Paola riesce a comprendersi in modo molto più sofisticato rispetto all’inizio della terapia, sa raccontarsi, sa usare l’umorismo nelle situazioni stressanti, è coscienziosa e responsabile e trae soddisfazione dal prendersi cura delle altre persone, anche se tende ancora a sentirsi in ansia, in colpa e inadeguata, sia pure molto meno che a inizio terapia.
Paola presenta ancora modello di attaccamento preoccupato con il terapeuta, e il suo stile di difesa complessivo è ancora narcisistico, ma si è avvicinato a quello nevrotico (ODF = 4, 4).
Conclusioni
Sulla base delle valutazioni condotte a inizio e fine analisi con la SWAP e il PHI, l’analisi di Paola può essere considerata una terapia di successo: la paziente non presenta più né disturbi clinici né disturbi di personalità, le sue capacità di buon funzionamento sono aumentate, le capacità psichiche più compromesse a inizio terapia lo sono molto meno alla fine, e il suo stile difensivo è leggermente maturato. Possiamo dunque procedere con le nostre ipotesi di partenza.
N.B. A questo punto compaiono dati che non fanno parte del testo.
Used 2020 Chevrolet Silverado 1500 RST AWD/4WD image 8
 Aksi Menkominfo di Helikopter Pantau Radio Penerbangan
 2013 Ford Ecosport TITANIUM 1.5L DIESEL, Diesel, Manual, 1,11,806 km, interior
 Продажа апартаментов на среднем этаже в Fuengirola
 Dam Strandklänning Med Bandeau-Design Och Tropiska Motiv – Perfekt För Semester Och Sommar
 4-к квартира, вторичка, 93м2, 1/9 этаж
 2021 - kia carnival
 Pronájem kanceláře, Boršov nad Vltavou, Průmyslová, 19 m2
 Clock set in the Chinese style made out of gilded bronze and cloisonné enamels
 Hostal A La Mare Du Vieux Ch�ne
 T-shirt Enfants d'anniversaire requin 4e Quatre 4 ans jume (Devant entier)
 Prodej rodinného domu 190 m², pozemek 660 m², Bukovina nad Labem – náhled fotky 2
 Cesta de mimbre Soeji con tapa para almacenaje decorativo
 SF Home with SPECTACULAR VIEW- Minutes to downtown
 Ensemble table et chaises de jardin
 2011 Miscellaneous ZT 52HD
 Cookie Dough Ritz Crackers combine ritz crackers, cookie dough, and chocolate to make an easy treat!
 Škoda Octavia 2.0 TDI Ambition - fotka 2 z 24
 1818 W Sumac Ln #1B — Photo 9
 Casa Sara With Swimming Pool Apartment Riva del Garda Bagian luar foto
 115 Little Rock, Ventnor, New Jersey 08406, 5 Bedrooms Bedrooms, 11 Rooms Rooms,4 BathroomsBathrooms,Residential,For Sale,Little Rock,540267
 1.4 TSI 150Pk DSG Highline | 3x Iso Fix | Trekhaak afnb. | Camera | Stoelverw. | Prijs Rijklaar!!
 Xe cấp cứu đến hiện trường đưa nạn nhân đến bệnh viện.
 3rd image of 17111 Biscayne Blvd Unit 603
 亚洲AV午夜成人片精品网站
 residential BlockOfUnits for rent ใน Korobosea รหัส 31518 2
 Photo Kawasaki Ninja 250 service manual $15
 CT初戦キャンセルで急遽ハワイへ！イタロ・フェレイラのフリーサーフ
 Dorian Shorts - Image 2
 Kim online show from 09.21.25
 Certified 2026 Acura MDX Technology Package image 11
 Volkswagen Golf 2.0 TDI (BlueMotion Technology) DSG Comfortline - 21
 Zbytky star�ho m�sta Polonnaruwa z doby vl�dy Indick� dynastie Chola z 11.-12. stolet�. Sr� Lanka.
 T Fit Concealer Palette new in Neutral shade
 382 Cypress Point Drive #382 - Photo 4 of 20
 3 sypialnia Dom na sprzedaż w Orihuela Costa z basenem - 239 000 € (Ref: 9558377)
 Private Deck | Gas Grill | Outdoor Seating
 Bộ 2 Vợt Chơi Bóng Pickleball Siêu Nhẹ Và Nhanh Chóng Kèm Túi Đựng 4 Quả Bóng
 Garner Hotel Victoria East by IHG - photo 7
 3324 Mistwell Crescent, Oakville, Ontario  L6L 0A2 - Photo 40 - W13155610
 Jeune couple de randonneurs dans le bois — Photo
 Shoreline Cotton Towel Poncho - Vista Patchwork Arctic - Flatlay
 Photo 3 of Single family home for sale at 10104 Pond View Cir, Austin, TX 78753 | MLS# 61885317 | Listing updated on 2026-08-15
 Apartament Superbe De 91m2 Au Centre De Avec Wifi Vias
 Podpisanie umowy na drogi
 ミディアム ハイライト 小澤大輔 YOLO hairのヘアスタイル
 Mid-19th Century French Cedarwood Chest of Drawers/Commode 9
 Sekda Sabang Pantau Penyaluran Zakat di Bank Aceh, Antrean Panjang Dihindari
In linea con quanto ipotizzato in base alle ricerche condotte in passato con le APS, l’ipotesi che la bontà delle comunicazioni del terapeuta accresca e sia accresciuta dalla produttività delle comunicazioni del paziente risulta confermata, mentre non lo è l’ipotesi di Gill secondo cui le interpretazioni di transfert sono lo strumento principe di un’analisi di successo; nel caso di Paola, è il lavoro sui conflitti a favorire una maggiore produttività della paziente, che anzi a volte lamenta il fatto che Gill lavori sempre sulla relazione tra loro. Di fatto, in misura più o meno maggiore, tutti gli interventi analitici che Gill utilizza aiutano la paziente, se usati nel modo e al momento giusto, così come Paola sembra aiutata dalla capacità dell’analista di risponderle in modo contingente, dal loro reciproco coinvolgimento in terapia e dalla loro maggiore consapevolezza dei suoi problemi. La terapia analitica, dunque, come impresa congiunta, cognitiva ed emotiva, i cui esiti sono favoriti da una sintonizzazione contingente del terapeuta.
Non risulta neppure confermata l’ipotesi che a fine terapia la relazione clinico-paziente sia più sicura che all’inizio: di fatto, Paola inizia la terapia con uno stato della mente preoccupato rispetto all’attaccamento con Gill, e così la finisce, anche se a metà del suo percorso l’attaccamento sicuro aveva superato quello invischiato.
E neppure risulta confermata l’ipotesi relativa a un andamento a U dell’alleanza, che di fatto, almeno nel caso di Paola, si riduce progressivamente e in modo statisticamente significativo, anche se Gill è sempre molto attento a riparare le rotture dell’alleanza messe in atto dalla paziente.
In assenza di ricerche condotte con la stessa metodologia su casi di pazienti in analisi con una diagnosi iniziale simile a quella di Paola, ma le cui terapie hanno avuto esito negativo, e di altre analisi di pazienti simili a Paola e con esito positivo, non possiamo generalizzare i nostri risultati e generare ipotesi empiricamente fondate.
Crediamo però che ricerche come la nostra possano essere un’utile complemento ai classici resoconti dei casi clinici di pazienti in analisi, coniugando il rigore della ricerca empirica con la complessità della pratica clinica. Da pochi mesi abbiamo avviato una ricerca su 30 analisi audioregistrate e trascritte che forse ci aiuterà a chiarire che cosa funziona in un’analisi dall’esito positiv e che cosa non funziona in un’analisi che non porta beneficio al paziente.